28 Nisan 2011 Perşembe

Herkes herkesle dostmuş gibi...

Sevgili Arkadaşım, Saricizmeli'de bir yazımı okumuş ve yazım üzerine bana bu öykü kitabını hediye etmişti. Blogumun ilk ödülü de diyebiliriz. Yaz tatili sırasında başladım. Bulantılar, sıkıntılar derken tekrar başlayıp okumam ilk emzirme dönemlerime rastladı. Ursula'dan sonra Barış Bıçakçı'yla da tanıştırdı beni sevgili arkadaşım.

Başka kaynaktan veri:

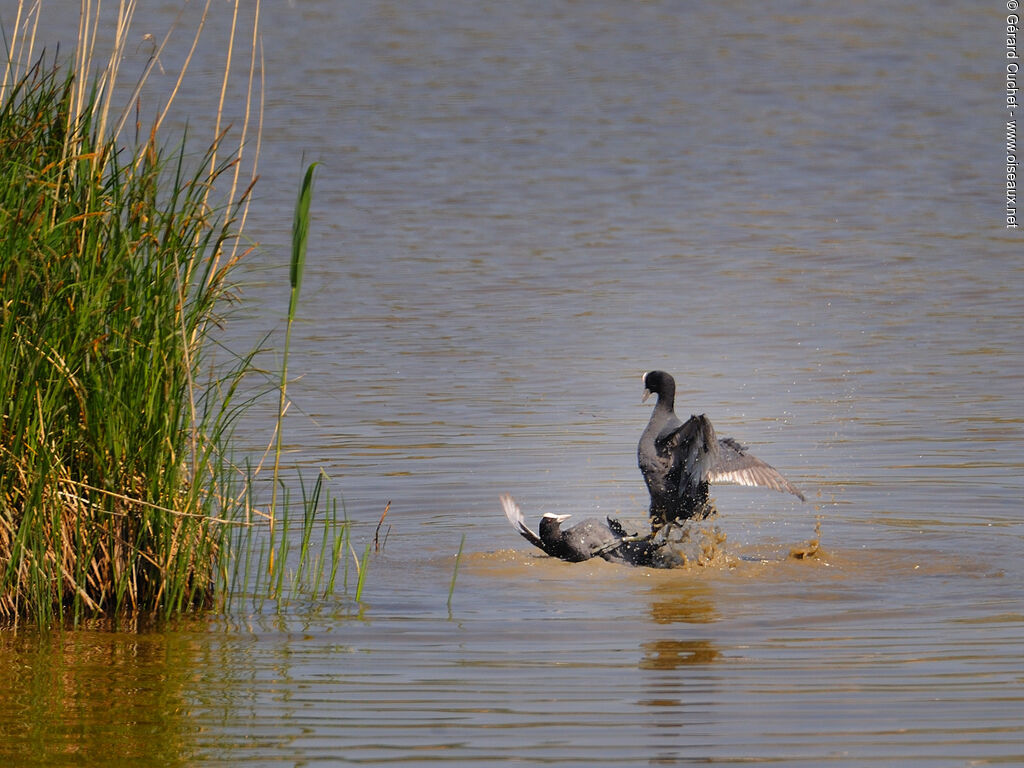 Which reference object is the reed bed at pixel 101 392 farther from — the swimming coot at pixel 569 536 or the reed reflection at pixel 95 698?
the swimming coot at pixel 569 536

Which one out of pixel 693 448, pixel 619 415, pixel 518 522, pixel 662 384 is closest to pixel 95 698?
pixel 518 522

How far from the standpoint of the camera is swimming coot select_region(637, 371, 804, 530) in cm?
824

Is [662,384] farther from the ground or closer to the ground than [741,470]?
farther from the ground

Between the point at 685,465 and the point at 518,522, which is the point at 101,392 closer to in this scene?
the point at 518,522

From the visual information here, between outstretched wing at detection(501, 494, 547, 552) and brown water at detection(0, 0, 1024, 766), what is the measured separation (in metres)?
0.12

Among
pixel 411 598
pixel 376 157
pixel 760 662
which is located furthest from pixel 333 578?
pixel 376 157

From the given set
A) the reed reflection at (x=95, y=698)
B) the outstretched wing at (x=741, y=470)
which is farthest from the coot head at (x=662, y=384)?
the reed reflection at (x=95, y=698)

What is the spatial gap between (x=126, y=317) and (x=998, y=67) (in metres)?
21.1

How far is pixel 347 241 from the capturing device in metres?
16.3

Herkes herkesle dostmuş gibi bir Ankara gezintisi. Behzat Ç.'yi izlerken aman da burası neresi sorgulamam, tanıdık geliş, kitabı okurken de benim eşlikçimdi. Hoş anlatımla, güzel diliyle Bıçakçı bir öyküyü anlatıyor, öykü kahramanı diğer öyküye el veriyor. Kitabın son anlattığı öykü ilk öyküye el vererek, dön dolaş aynı şeyler yaşadıklarımız, çok sıradan ama bir o kadar da eşsiz dedirtiyor bana...

Başka kitaplarını merak ettiğim yazar olarak not alıyorum kenara kendilerini.

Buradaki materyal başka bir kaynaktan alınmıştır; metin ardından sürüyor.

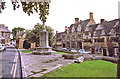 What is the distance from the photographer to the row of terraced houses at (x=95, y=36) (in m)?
35.3

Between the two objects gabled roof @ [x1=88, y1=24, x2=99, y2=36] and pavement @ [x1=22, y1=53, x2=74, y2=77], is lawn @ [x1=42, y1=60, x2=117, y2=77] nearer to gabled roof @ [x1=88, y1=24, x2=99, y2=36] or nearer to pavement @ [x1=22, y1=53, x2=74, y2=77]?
pavement @ [x1=22, y1=53, x2=74, y2=77]

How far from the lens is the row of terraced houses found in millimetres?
35281

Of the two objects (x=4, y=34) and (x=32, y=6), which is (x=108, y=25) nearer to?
(x=32, y=6)

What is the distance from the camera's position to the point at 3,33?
58.3 meters

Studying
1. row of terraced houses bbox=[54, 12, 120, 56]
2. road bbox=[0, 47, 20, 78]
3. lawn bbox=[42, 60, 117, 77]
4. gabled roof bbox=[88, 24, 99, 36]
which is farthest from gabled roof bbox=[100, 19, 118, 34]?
road bbox=[0, 47, 20, 78]

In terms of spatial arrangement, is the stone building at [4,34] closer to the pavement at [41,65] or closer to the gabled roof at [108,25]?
the gabled roof at [108,25]

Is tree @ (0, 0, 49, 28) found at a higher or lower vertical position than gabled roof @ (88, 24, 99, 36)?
lower

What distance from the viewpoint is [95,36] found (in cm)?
4103

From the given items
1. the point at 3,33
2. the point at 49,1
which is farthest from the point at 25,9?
the point at 3,33

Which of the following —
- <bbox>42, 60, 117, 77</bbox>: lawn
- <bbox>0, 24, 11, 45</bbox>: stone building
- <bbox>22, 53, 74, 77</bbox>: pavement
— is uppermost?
<bbox>0, 24, 11, 45</bbox>: stone building

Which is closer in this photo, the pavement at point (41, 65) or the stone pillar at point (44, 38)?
the pavement at point (41, 65)

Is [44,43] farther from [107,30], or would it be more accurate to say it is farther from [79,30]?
[79,30]

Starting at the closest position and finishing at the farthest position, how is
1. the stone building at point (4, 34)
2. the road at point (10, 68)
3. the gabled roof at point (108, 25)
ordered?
the road at point (10, 68) → the gabled roof at point (108, 25) → the stone building at point (4, 34)

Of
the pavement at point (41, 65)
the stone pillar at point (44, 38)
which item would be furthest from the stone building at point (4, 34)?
the pavement at point (41, 65) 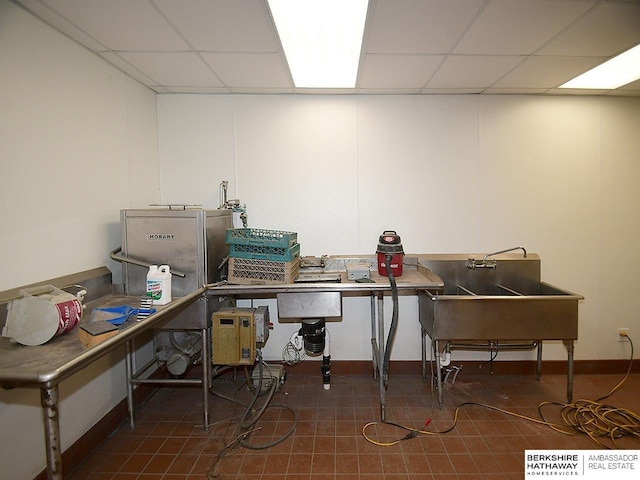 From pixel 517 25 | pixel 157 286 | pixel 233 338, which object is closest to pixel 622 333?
pixel 517 25

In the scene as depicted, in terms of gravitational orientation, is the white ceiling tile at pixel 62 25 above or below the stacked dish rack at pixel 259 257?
above

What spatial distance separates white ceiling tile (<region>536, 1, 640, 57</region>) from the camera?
1729mm

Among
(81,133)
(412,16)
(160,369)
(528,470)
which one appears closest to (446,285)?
(528,470)

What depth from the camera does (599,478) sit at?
1794 millimetres

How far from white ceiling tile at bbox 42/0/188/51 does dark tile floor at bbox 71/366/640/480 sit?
101 inches

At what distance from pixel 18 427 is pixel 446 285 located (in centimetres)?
304

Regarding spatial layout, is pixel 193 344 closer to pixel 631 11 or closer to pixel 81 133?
pixel 81 133

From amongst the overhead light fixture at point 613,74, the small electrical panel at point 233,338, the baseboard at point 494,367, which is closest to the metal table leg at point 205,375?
the small electrical panel at point 233,338

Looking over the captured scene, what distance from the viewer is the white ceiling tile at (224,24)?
1690 mm

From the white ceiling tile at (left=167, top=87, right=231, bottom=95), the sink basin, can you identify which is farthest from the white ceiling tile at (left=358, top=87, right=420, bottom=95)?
the sink basin

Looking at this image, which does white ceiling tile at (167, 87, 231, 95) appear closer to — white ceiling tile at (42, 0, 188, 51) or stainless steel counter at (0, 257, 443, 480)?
white ceiling tile at (42, 0, 188, 51)

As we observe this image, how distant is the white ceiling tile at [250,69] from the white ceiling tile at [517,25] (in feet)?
4.08

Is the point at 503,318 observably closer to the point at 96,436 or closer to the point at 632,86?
the point at 632,86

Kadınlar, Rüyalar, Ejderhalar...

Ursula K. Le Guin'in bu kitabından alıntıya Bir Dolap Kitap'ta rastlamış ve ilgimi çekmişti. Hemen Ursula'nın tarzına düşkün arkadaşımdan kitabı ödünç vermesini rica ettim. 12 denemeden oluşan kitapta, Ursula Teyzem kahvesini içiyormuş da, ben de oturmuşum dizinin kenarcığına dinliyormuşum etkisi vardı. Balıkçı kadının kızı da tam benim düştüğüm tarz. Arkadaşımla keşisim kümesinde de olsa Ursula'da buluşmak güzel... Denemedeki “Ya kitap ya bebek” ve okuma süremin hamileliğime denk gelmesi daha da sorgulattı (oturup yazabilme süremse kızımın 2. ayını doldurduğu bu güne denk geldi). İyi oldu da okudum, Ursula ile tanıştım.